This Court has jurisdiction pursuant to 42 U.S.C. § 405(g). This case is before the
undersigned United States Magistrate Judge pursuant to the consent of the parties
entered under the authority of 28 U.S.C. § 636(c)(2). For the reasons set forth below,
the Commissioner’s final decision is AFFIRMED.
I.
PROCEDURAL HISTORY
On November 9, 2008, Plaintiff filed her application for a POD and DIB and
alleged a disability onset date of November 30, 2007. (Transcript (“Tr.”) 15.) The
application was denied initially and upon reconsideration, so Plaintiff requested a
hearing before an administrative law judge (“ALJ”). (Tr. 15.) On March 18, 2011, an
ALJ held Plaintiff’s hearing by video conference. (Tr. 15.) Plaintiff participated in the
hearing, was represented by counsel, and testified. (Tr. 15.) A vocational expert (“VE”)
also participated and testified. (Tr. 15.) On April 22, 2011, the ALJ found Plaintiff not
disabled. (Tr. 24.) On October 28, 2011, the Appeals Council declined to review the
ALJ’s decision, so the ALJ’s decision became the Commissioner’s final decision. (Tr.
1.)
On December 27, 2011, Plaintiff filed her complaint to challenge the
Commissioner’s final decision. (Doc. No. 1.) On June 25, 2012, Plaintiff filed her Brief
on the Merits. (Doc. No. 16.) On August 1, 2012, the Commissioner filed his Brief on
the Merits. (Doc. No. 17.) On August 13, 2012, Plaintiff filed a Reply Brief. (Doc. No.
18.)
Plaintiff asserts the following four assignments of error: (1) the ALJ failed to
follow the treating physician rule by declining to give controlling weight to the opinions of
treating psychiatrist Yolanda Ganchorre, M.D. (Pl. Br. at 11-15.); (2) (2) the ALJ
improperly evaluated Plaintiff’s credibility (PL. Br. at 16-19.); (3) the ALJ’s conclusion
that Plaintiff was not per se disabled was not supported by substantial evidence
(Plaintiff’s Brief (“Pl. Br.”) at 9-11.); and (4) the ALJ relied on flawed testimony from the
VE (Pl. Br. at 19-20.).
2
II.
A.
EVIDENCE
Personal and Vocational Evidence
Plaintiff was 41 years old on her alleged disability onset date. (Tr. 23.) She had
at least a high school education and was able to communicate in English. (Tr. 23.)

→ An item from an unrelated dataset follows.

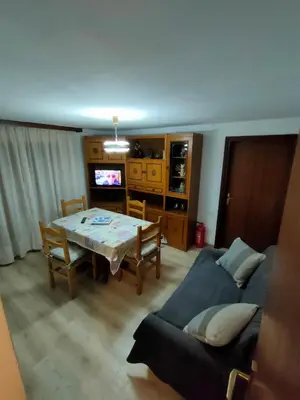 a living room with a table and a couch at appartamento Casa Lucia in Cencenighe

She had past relevant work as an IT Director. (Tr. 23.)
B.
Medical Evidence1
1.
Treating Providers
On September 5, 2008, Plaintiff was examined by Dr. Ganchorre upon referral
from her primary physician. (Tr. 415.) Plaintiff complained of increasing panic attacks,
an inability to sleep due to nightmares, and depression. (Tr. 415-16.) She described
numerous instances of abuse she and her siblings suffered at the hands of their
parents during her childhood, as well as her difficulties in maintaining employment as a
result of the effects of the trauma she experienced as a child. (Tr. 415-16.) Plaintiff
related a past history of drug abuse, specifically Percocet. (Tr. 415.) Dr. Ganchorre
diagnosed Plaintiff with severe depression and post-traumatic stress disorder (“PTSD”),
and assigned her a Global Assessment of Functioning (“GAF”) score of 40.2 (Tr. 416.)
1
In addition to her mental impairments, Plaintiff alleged disability on the basis
of injuries to her back and ankle. (Tr. at 17-18.) The ALJ determined that
Plaintiff was not disabled on the basis of her physical impairments. (Id.)
Plaintiff does not challenge that conclusion in her Brief.
2
A GAF score between 31 and 40 indicates some impairment in reality testing
or communication, or major impairment in several areas, such as work or
school, family relations, judgment, thinking or mood. A person who scores in
this range may have illogical or irrelevant speech, and may avoid friends,
neglect family and be unable to work. See Diagnostic and Statistical Manual
of Mental Disorders 34 (American Psychiatric Association, 4th ed. rev., 2000).
3
Dr. Ganchorre prescribed Pristiq and Seroquel, and recommended that Plaintiff seek
treatment from Daniel Jones, Ph.D., a psychologist. (Id.)
On October 2, 2008, Plaintiff began treating with Dr. Jones. (Tr. 437.) She
reported a history of PTSD and panic attacks, as well as past treatment at the Betty
Ford Center. (Id.) She indicated that she had experienced incidents of losing track of
time for as long as four and a half hours per day, and that she had once “driven from
Twinsburg to Stow and [found] herself end[ing] up in Columbus.” (Id.)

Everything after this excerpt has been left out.